El NCEP:ATPIII se enfocó en el colesterol no HDL, en lugar de los triglicéridos. Sin embargo, se


recomienda un valor de triglicéridos en ayuno <150 mg/100 mL. En general, la respuesta de los triglicéridos
en ayuno se relaciona con la magnitud de la pérdida de peso alcanzada: se requiere una pérdida ponderal
>10% para reducir los triglicéridos en ayuno. Un fibrato (gemfibrozilo o fenofibrato) es el fármaco de
elección para reducir los triglicéridos en ayuno, que casi siempre descienden 30 a 45%. La administración
concomitante de fármacos metabolizados por el sistema citocromo P450 3A4 (incluidas algunas estatinas)
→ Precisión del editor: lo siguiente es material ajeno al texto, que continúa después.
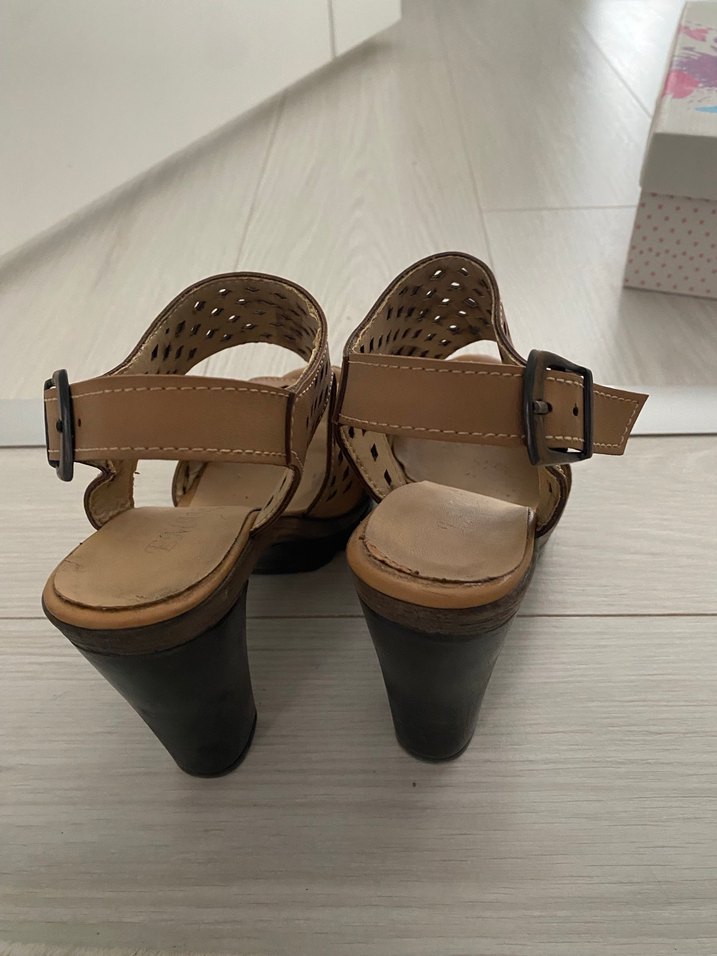 Bej Deri Kadın Dolgu Topuklu Sandalet - Görsel 2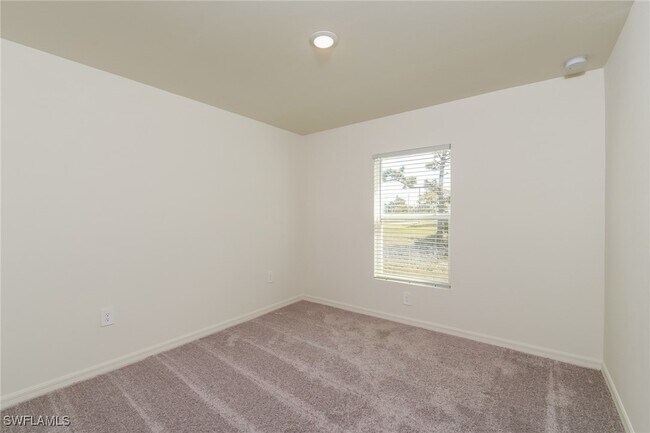 Building Photo - 3702 NW 48th St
eleva el riesgo de miopatía. En estos casos, el fenofibrato es preferible al gemfibrozilo. En el Veterans
Affairs HDL Intervention Trial, se administró gemfibrozilo a varones con CHD diagnosticada y cifras de
colesterol HDL <40 mg/100 mL. Se observó un beneficio en los episodios de enfermedad coronaria y en la
tasa de mortalidad entre los varones con hiperinsulinemia o diabetes, en muchos de los cuales se identificó
síndrome metabólico de manera retrospectiva. Hay que señalar que la magnitud del descenso de los
triglicéridos en este estudio no predijo un beneficio. Aunque la concentración de colesterol LDL no cambió,
la reducción en el número de partículas LDL se relacionó con un beneficio. Otros estudios clínicos no han
mostrado evidencia clara de que los fibratos reduzcan el riesgo de CVD. Sin embargo, los análisis post hoc
de varios estudios demostraron que los pacientes con cifras iniciales de triglicéridos >200 mg/100 mL y
colesterol HDL <35 mg/100 mL se beneficiaron.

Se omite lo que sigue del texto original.